È ancora tutto fermo sull’uccisione di Shireen Abu Akleh
Un mese dopo la morte della giornalista palestinese le indagini continuano a non andare da nessuna parte
È trascorso un mese dall’assassinio di Shireen Abu Akleh, la nota giornalista palestinese-americana di Al Jazeera uccisa l’11 maggio mentre documentava un’operazione dell’esercito israeliano in un campo profughi di Jenin, nella Palestina settentrionale. Le indagini ufficiali sulla sua uccisione sono tuttavia ancora ferme, nonostante diverse inchieste giornalistiche attribuiscano le responsabilità all’esercito israeliano. A livello istituzionale, esattamente come un mese fa, palestinesi e israeliani continuano ad accusarsi a vicenda e nel frattempo, a livello internazionale, l’attenzione su quanto accaduto è progressivamente diminuita, cosa piuttosto inusuale per l’uccisione di una giornalista che, tra le altre cose, aveva cittadinanza americana.

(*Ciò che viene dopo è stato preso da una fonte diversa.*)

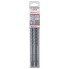 Бур SDS-plus-7X 10 x 150 x 215 мм Bosch 2608576185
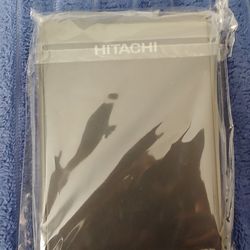 Dj hard drive 300gb 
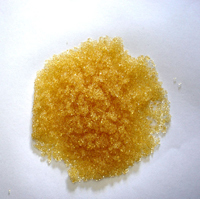 供应001×7(732)强酸性苯乙烯系阳离子交换树脂-天津通用贝迪水处理技术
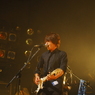room12
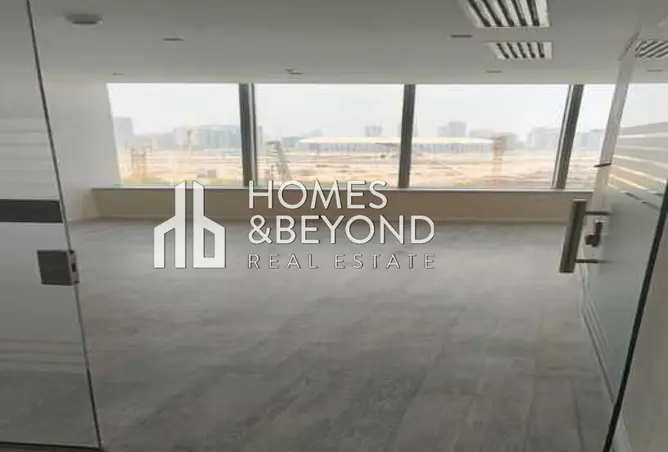 149096987 - Property Image 3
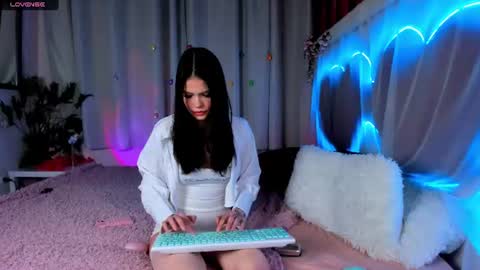 maddyfever online show from 06/19/26, 05:12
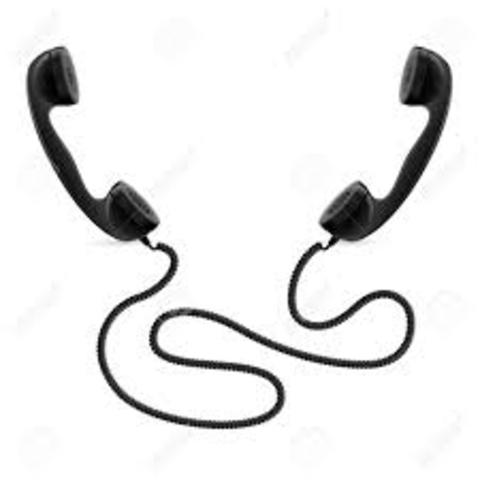 first wire converation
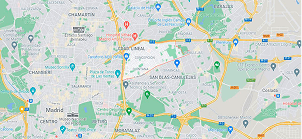 Meta Cuts 600 Jobs at A.I. Superintelligence Labs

Abu Akleh è stata colpita alla testa da un proiettile, nel corso di una grossa operazione dell’esercito israeliano in cui c’erano stati scontri a fuoco. Insieme a lei c’era un gruppo di altri giornalisti, tra cui uno palestinese, sempre di Al Jazeera: Ali al Samoudi, che era stato ferito alla schiena ma si è salvato. Sia Abu Akleh che al Samoudi erano ben riconoscibili come giornalisti, perché indossavano i gilet blu con la scritta Press, cioè “stampa”, e gli elmetti di protezione.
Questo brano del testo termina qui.